Before that game I remember Warnie saying things like, ‘Hold your ground, get in their face, even if they take a catch, they like to muck around’ and there was definitely a Hershelle Gibbs tone in there. Then, of course, Gibbs threw away the chance to dismiss Steve.
Warnie was on top of his game at that tournament. I think being dropped in the Test in the West Indies might have scarred him a bit. I think also not being the made Australian captain always weighed on his mind. He always felt that he wanted to do that.
Steve Waugh knew that when a job needed to be done, you threw Warne the ball. Him or Glenn McGrath, it was one or the other. In tight situations you go to your superstars and you go, ‘Mate, this is up to you’. It worked many times and did again in the semi-final.
Finch has spoken about form issues and the weight of Australia’s World Cup history. I honestly believe he doesn’t need to lead from the front, he just needs to pull this team together and make the right decisions on the field.
We were gone in that game. Done and dusted. We didn’t score enough runs and we basically went into the change room at half time thinking we’ve got nothing to lose here – 213 with the batsmen that they’ve got Kirsten, Gibbs, Cullinan, Cronje, Kallis, Rhodes, Pollock and Klusener … and Edgbaston’s a really small ground.
We stayed super chirpy. We had that feeling that South Africa would bottle it, somewhere, sometime.
They got to 48 before the first wicket, but we kept at them. And when you get to 3-53 and 4-61 you think, hang on, we’re starting to turn the screws here.
They had a good partnership with Kallis and Rhodes and then they fell. We dropped a couple as well and the game was all about pressure on both sides. The one guy who came to the fore was Warnie.
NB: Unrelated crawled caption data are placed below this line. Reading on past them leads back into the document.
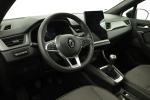 renault-captur-2025-gpl-999cc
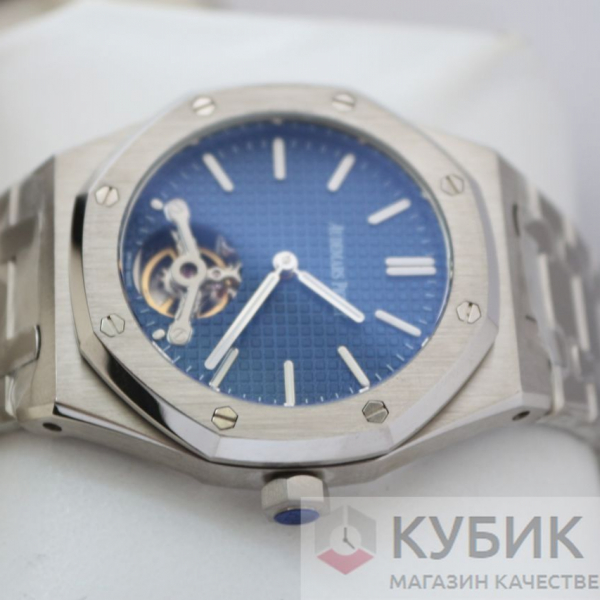Audemars Piguet ROYAL OAK (код 300)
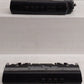 Athearn OG2500B HO Scale New York Central F3A/F3B Locomotive Set #1622 & #2413 EX/Box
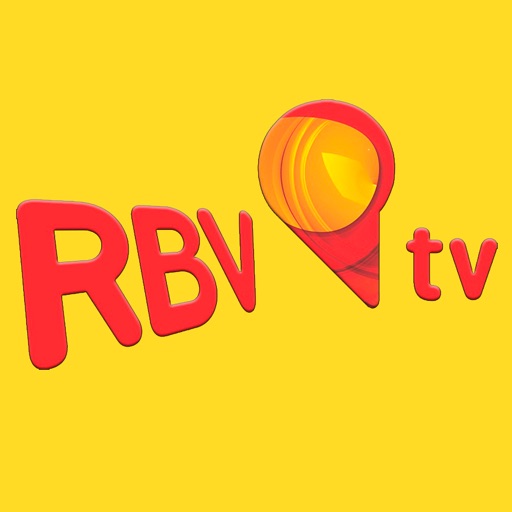 RBV TV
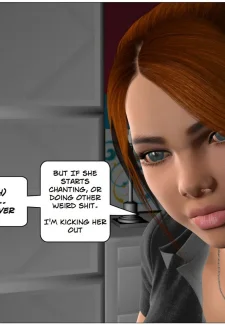 Family Affairs 01_006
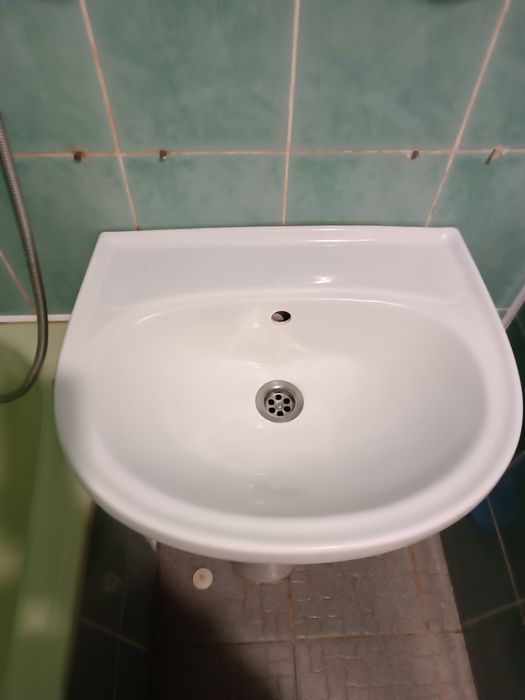 Клінінг, прибирання будьякого приміщення!!!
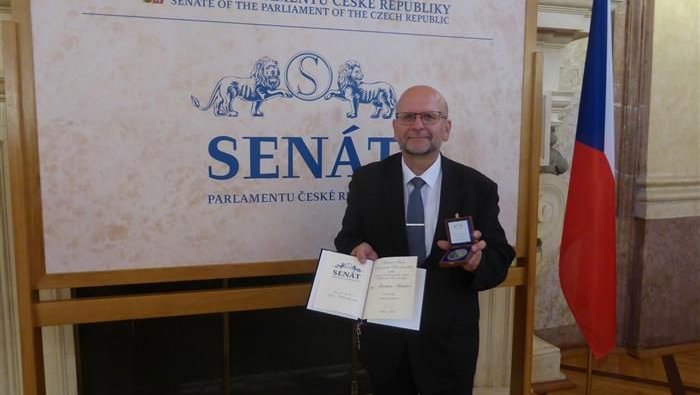 dejepisna-soutez_13879_karlovarsko_h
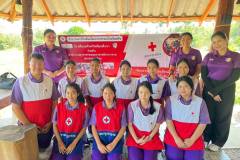 624232489_1341525978013901_6847909495324639479_n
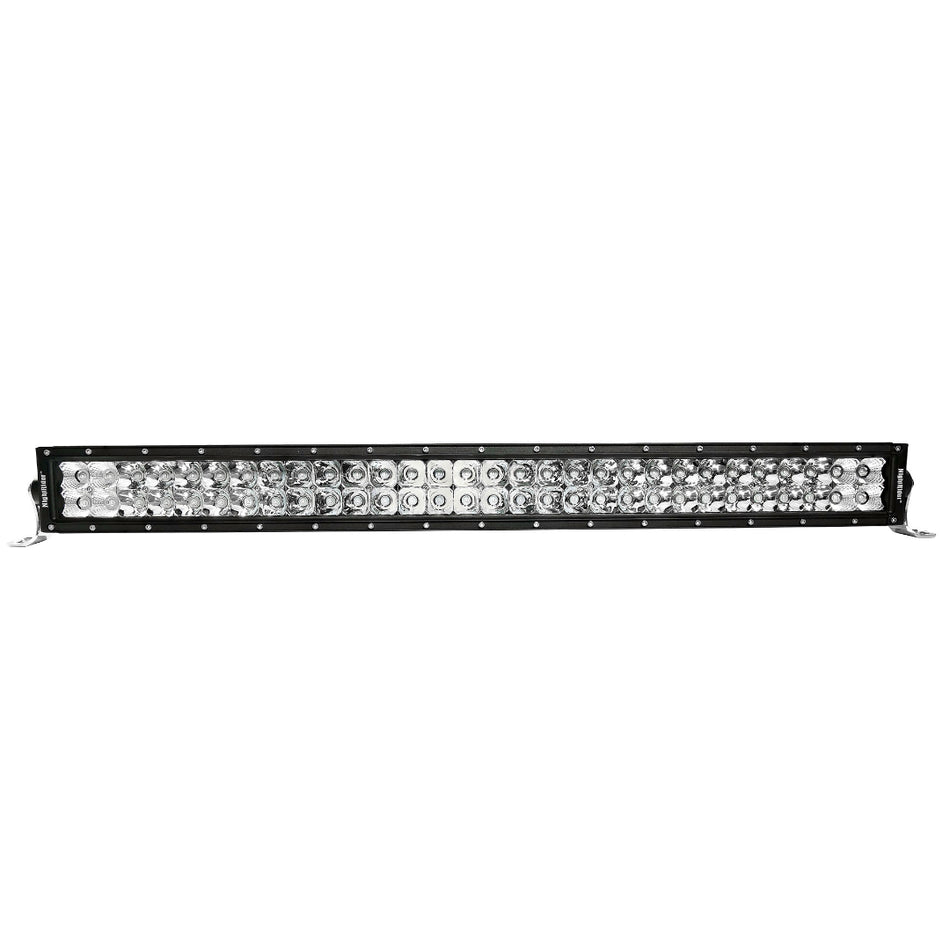 30" Extreme Series Double Row OSRAM LED Light Bar - NXS30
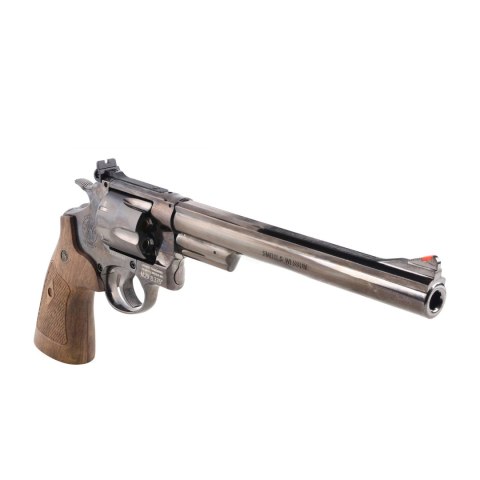 Replika rewolwer ASG Smith&Wesson M29 6 mm 8 i 3/8" Smith and Wesson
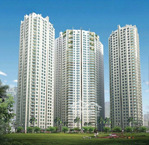 cho thuê hoàng anh thanh bình 73m2 2pn đầy đủ nội thất 12,5tr/th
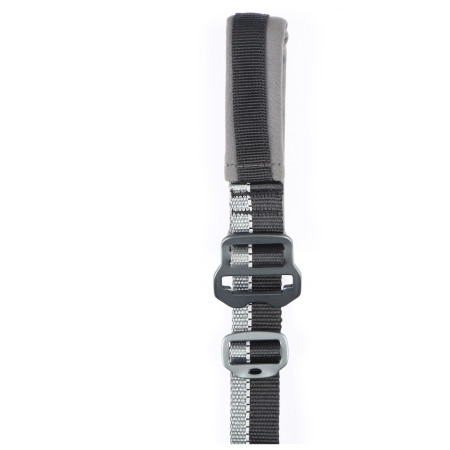 Повідець з амортизатором Mountain Paws Shock Absorber Dog Lead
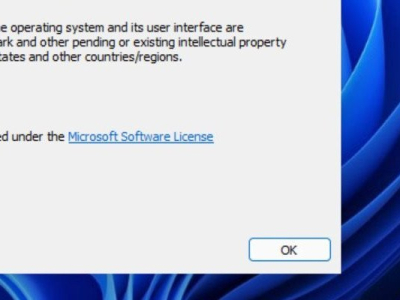 Windows 11 : une préversion fuite et montre la nouvelle interface avant la conférence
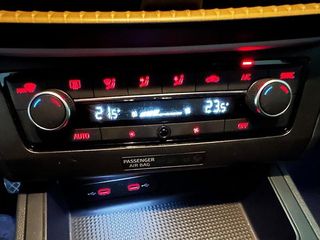 SEAT IBIZA 1.0 TSI 110CV STYLE XL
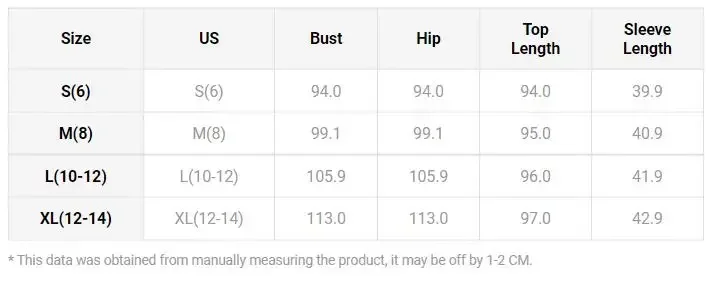 Vestidos elegantes para mulheres oco para fora em torno do pescoço casual mini vestido férias nova moda 2023 verão casual sexy roupas femininas - Imagem 6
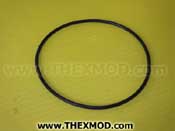 O-Ring - 550-4-00024
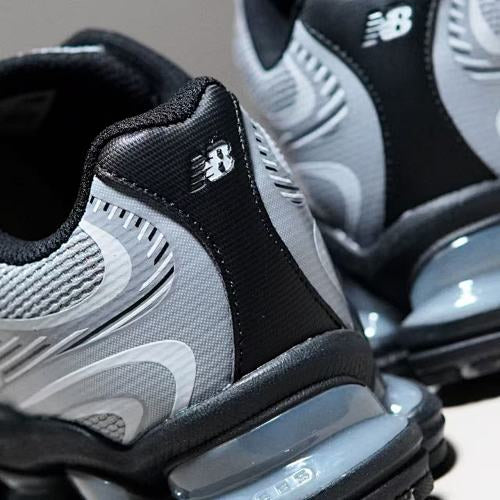 New Balance ABZORB 2000 Slate Grey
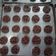 Cooksnap dari Jenny Arista untuk resep 🍪Cookies Goodtime 🍪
Even when we got down to that last over, they should have won it – they had two balls left. But it was all about the pressure.
The night before, we had a team meeting about how we were going to bowl to Klusener because he was their match winner, the guy in form.
Damien Fleming said something like, ‘Right, we’re going to go over the wicket and you’ve got to bowl full at the stumps’.
Sure enough, it’s Flem bowling the 50th over to Klusener and he sends down the first two, according to the plan. They’re both smashed for fours. And he walks back to Waugh and goes, ‘Well fuck, what’s going on? I mean what’s going on?’
Tugga replied, ‘Mate, I don’t care, just do what you want’. So Flem thinks, ‘Right, I’m going around the wicket and bowling full outside off stump.’
The team plan is going out the door and by that stage we thought we’d lost. Then all of a sudden it was like, ‘Hang on here, jeez they’re making a meal of this’. Darren Lehmann had a great chance to run out Allan Donald and again we thought that was it, we were out.
They didn’t need to panic, but they did, like we thought they would.
And I think if we had lost that game we would have thought, ‘Yes, we had the talent, but we just weren’t playing well enough’.
But we always knew if we beat South Africa in that semi we’d beat Pakistan in the final. That was a no-brainer.
Looking back I think, by the end, we were together enough.
There was a lot of other stuff going on behind the scenes with the senior players, just like now. But we found a way.